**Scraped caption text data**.
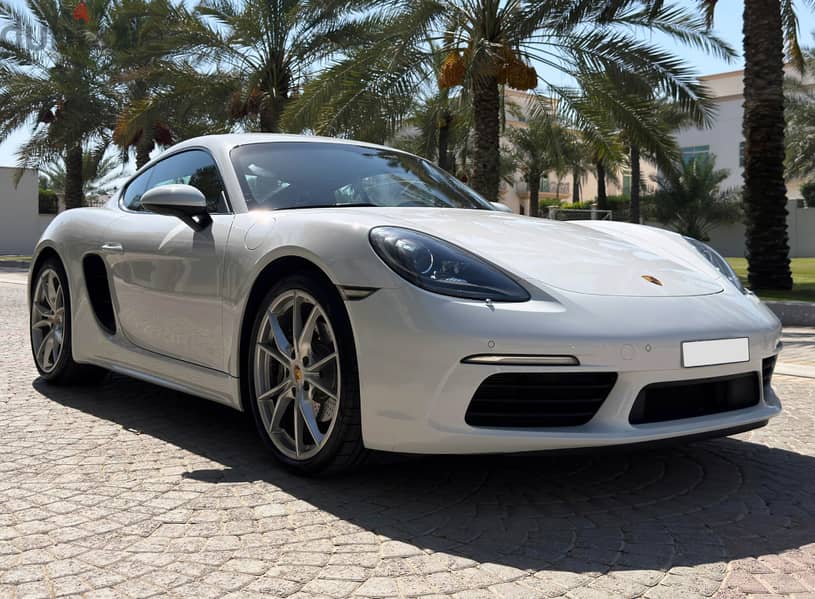 Porsche 718 Cayman 2017 1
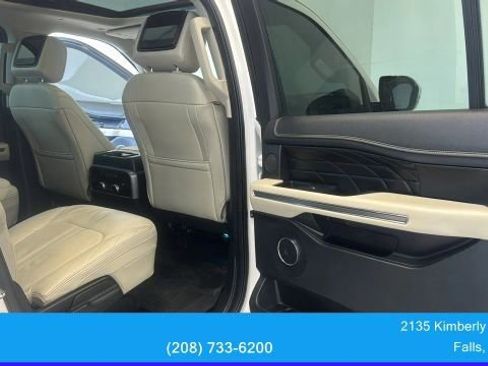 Used 2018 Ford Expedition Max Platinum AWD/4WD image 40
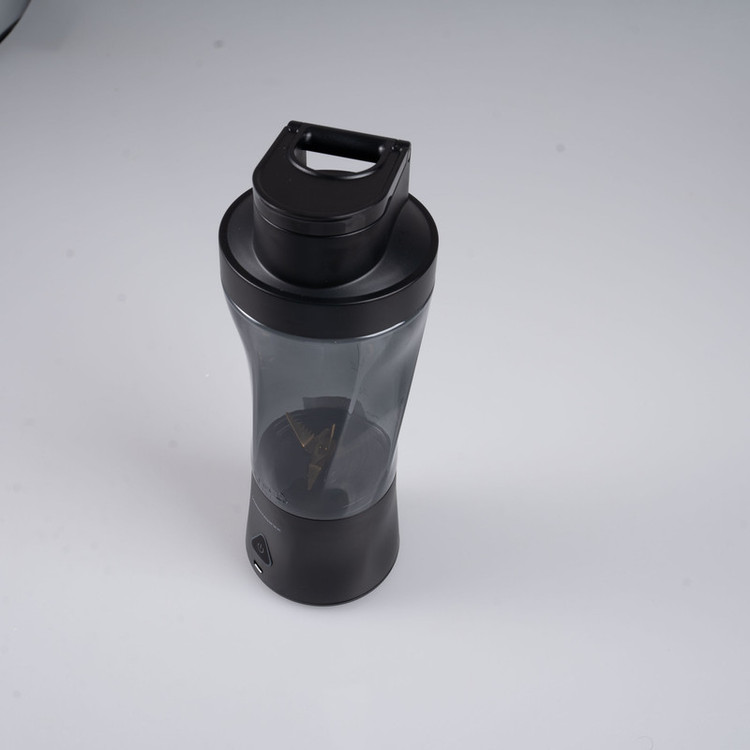شیکر ووگاتی مدل VE-PB01 ظرفیت ۷۰۰ میلیلیتر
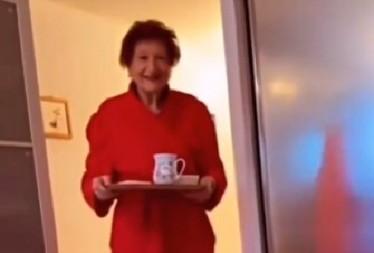 GOSPOĐO, JEL SMO MI TO NOĆAS? Momak se urnisao od alkohola pa se probudio kod babe u krevetu, ljudi plaču od smeha! (VIDEO)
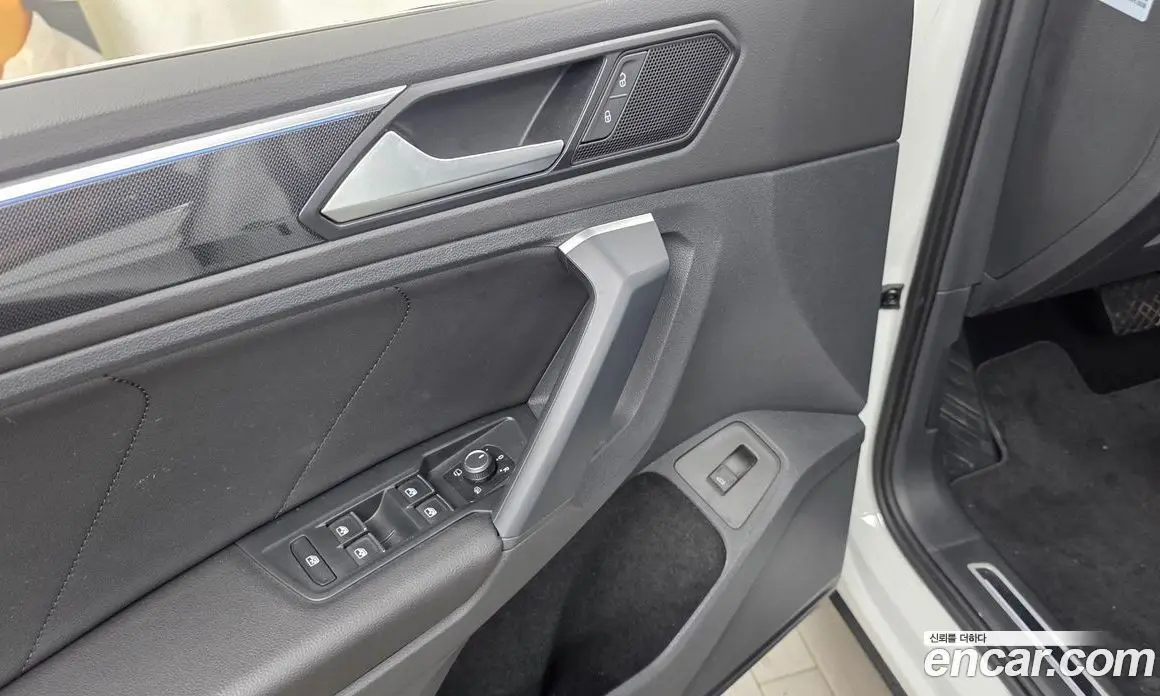 Volkswagen Tiguan 2021 2.0 автомат (гидро), фото 27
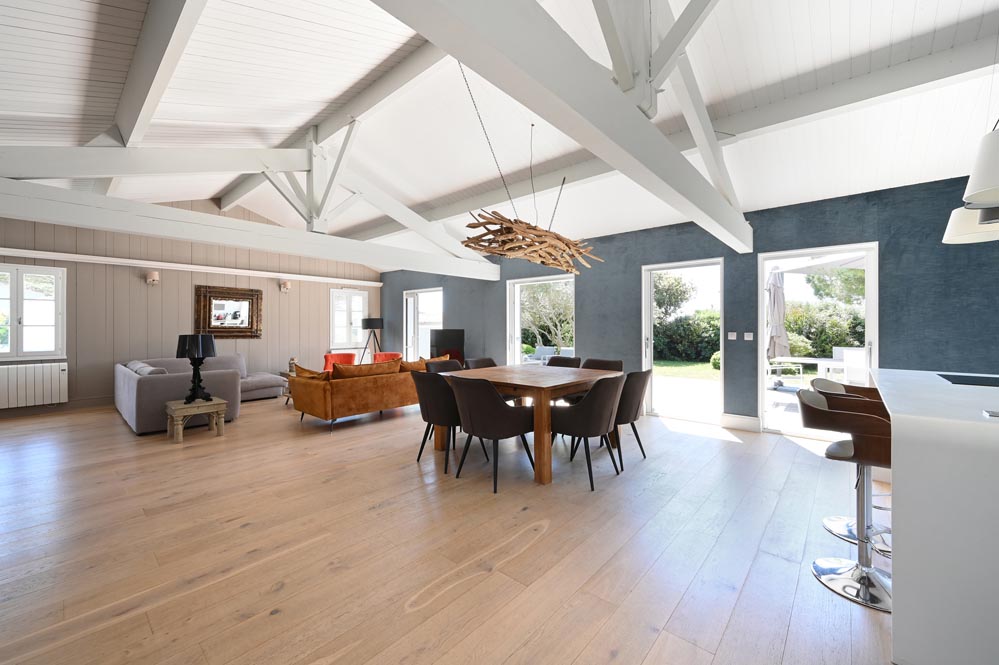 View of the living room of the Villa Mer in Sainte-Marie de Ré with swimming pool - living room - outside garden - enclosed garden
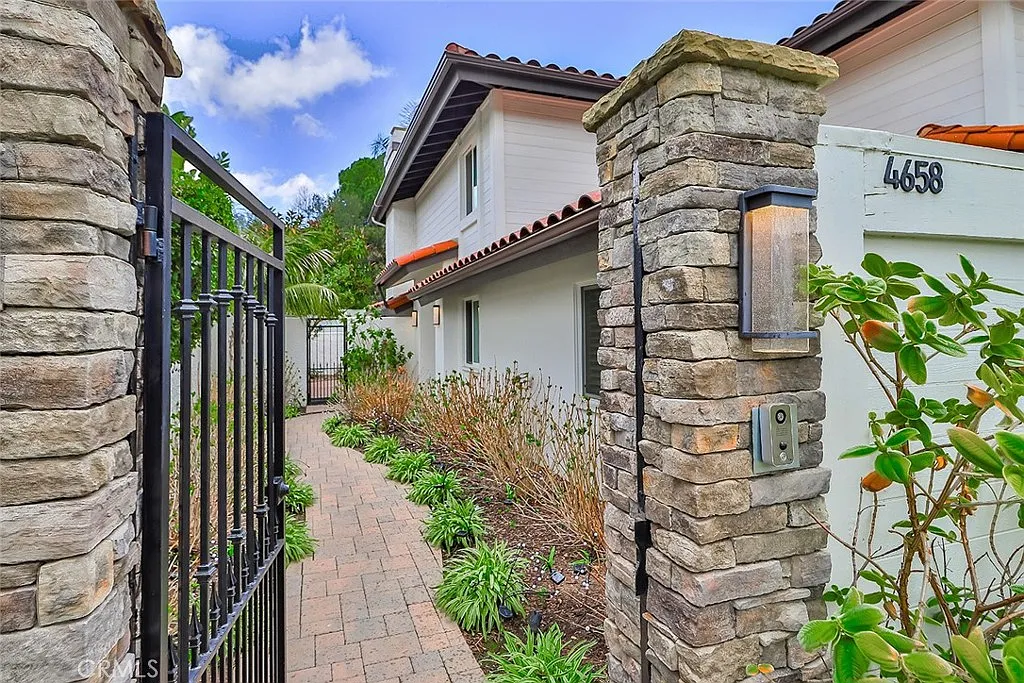 4 bed, 2672 sqft, $7,500 — Photo 4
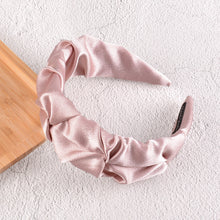 Load image into Gallery viewer, The Lily Headband
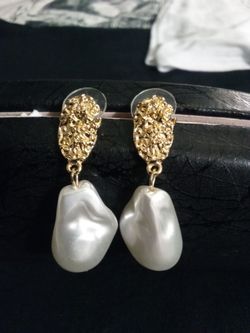 Gold Tone Baroque Pearl Drop Earrings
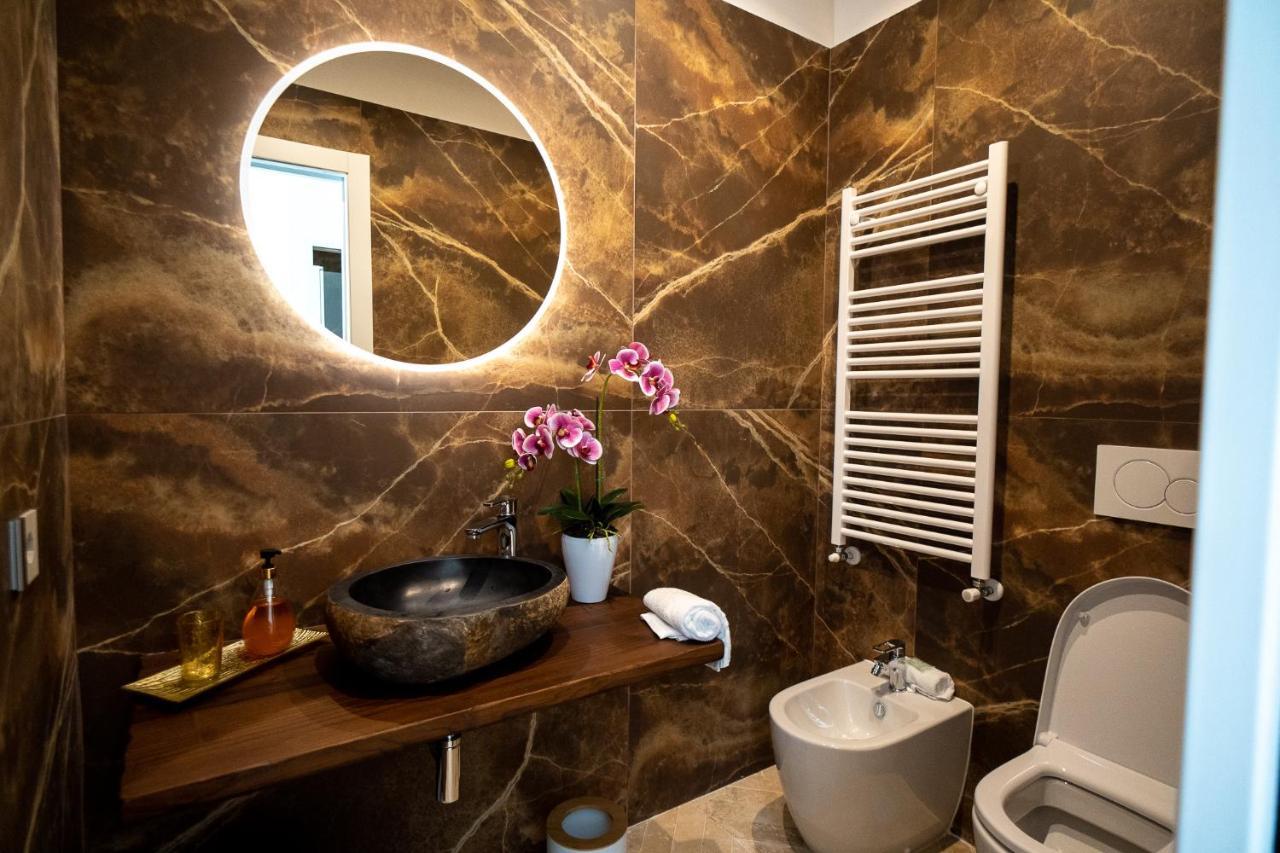 Luxury Cecilia Via Antonio Del Re 9 Tivoli Hotel Luaran gambar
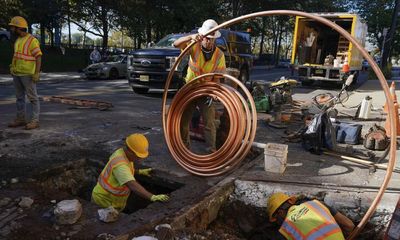 US lawmakers call for more measures to protect against toxic lead in tap water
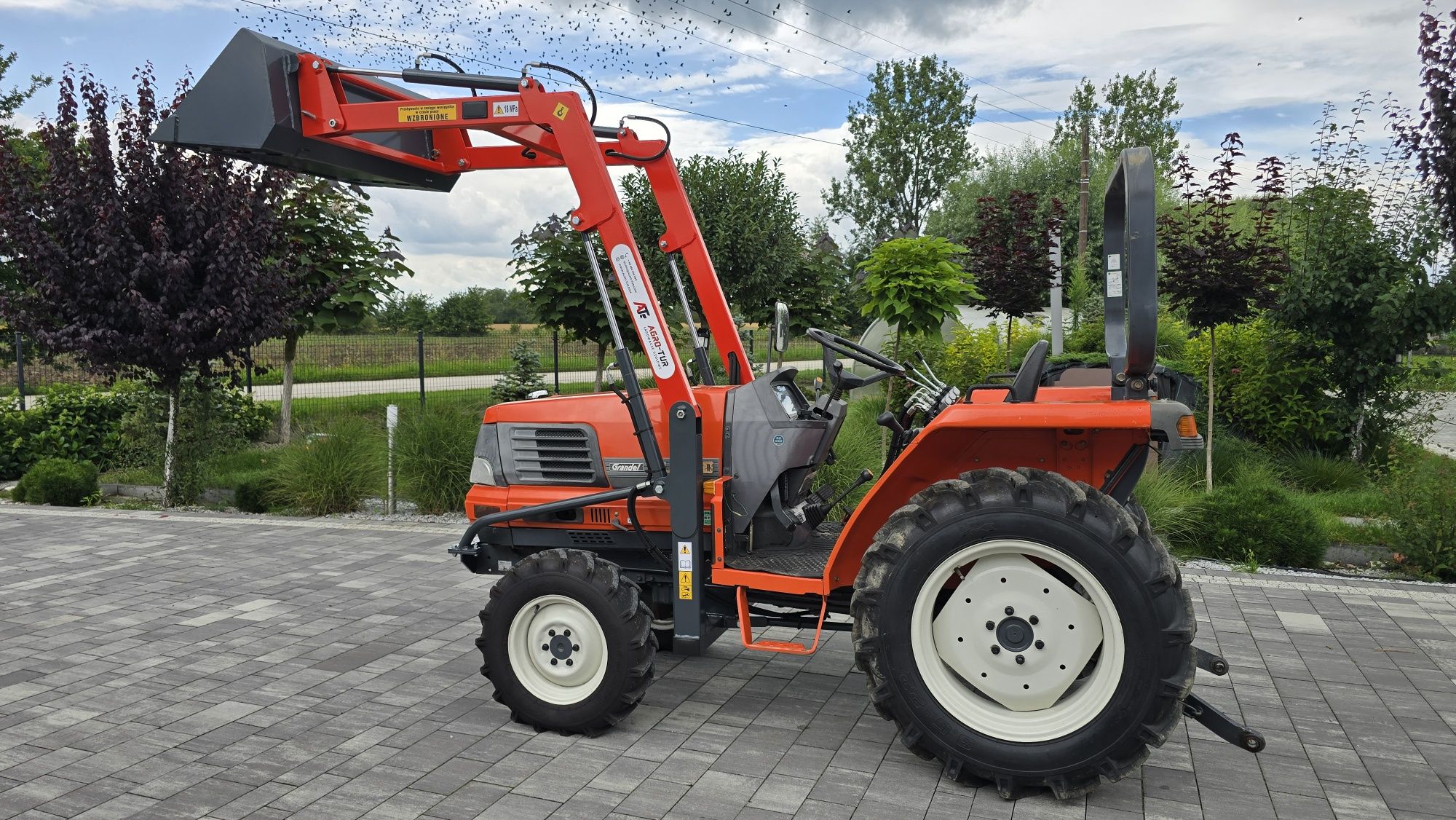 Japoński Traktorek Kubota 22KM 4x4 z Turem + Łycha
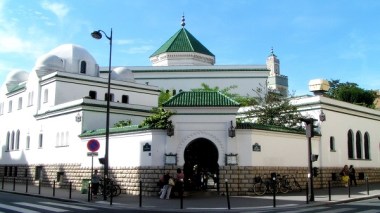 La Grande mosquée de Paris condamne les appels au boycott des produits français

**Task item**.
Output the entries above exactly. Drop the pictures.

**Solution for this exercise**.
 Porsche 718 Cayman 2017 1
 Used 2018 Ford Expedition Max Platinum AWD/4WD image 40
شیکر ووگاتی مدل VE-PB01 ظرفیت ۷۰۰ میلیلیتر
 GOSPOĐO, JEL SMO MI TO NOĆAS? Momak se urnisao od alkohola pa se probudio kod babe u krevetu, ljudi plaču od smeha! (VIDEO)
 Volkswagen Tiguan 2021 2.0 автомат (гидро), фото 27
 View of the living room of the Villa Mer in Sainte-Marie de Ré with swimming pool - living room - outside garden - enclosed garden
 4 bed, 2672 sqft, $7,500 — Photo 4
 Load image into Gallery viewer, The Lily Headband
 Gold Tone Baroque Pearl Drop Earrings
 Luxury Cecilia Via Antonio Del Re 9 Tivoli Hotel Luaran gambar
 US lawmakers call for more measures to protect against toxic lead in tap water
 Japoński Traktorek Kubota 22KM 4x4 z Turem + Łycha
 La Grande mosquée de Paris condamne les appels au boycott des produits français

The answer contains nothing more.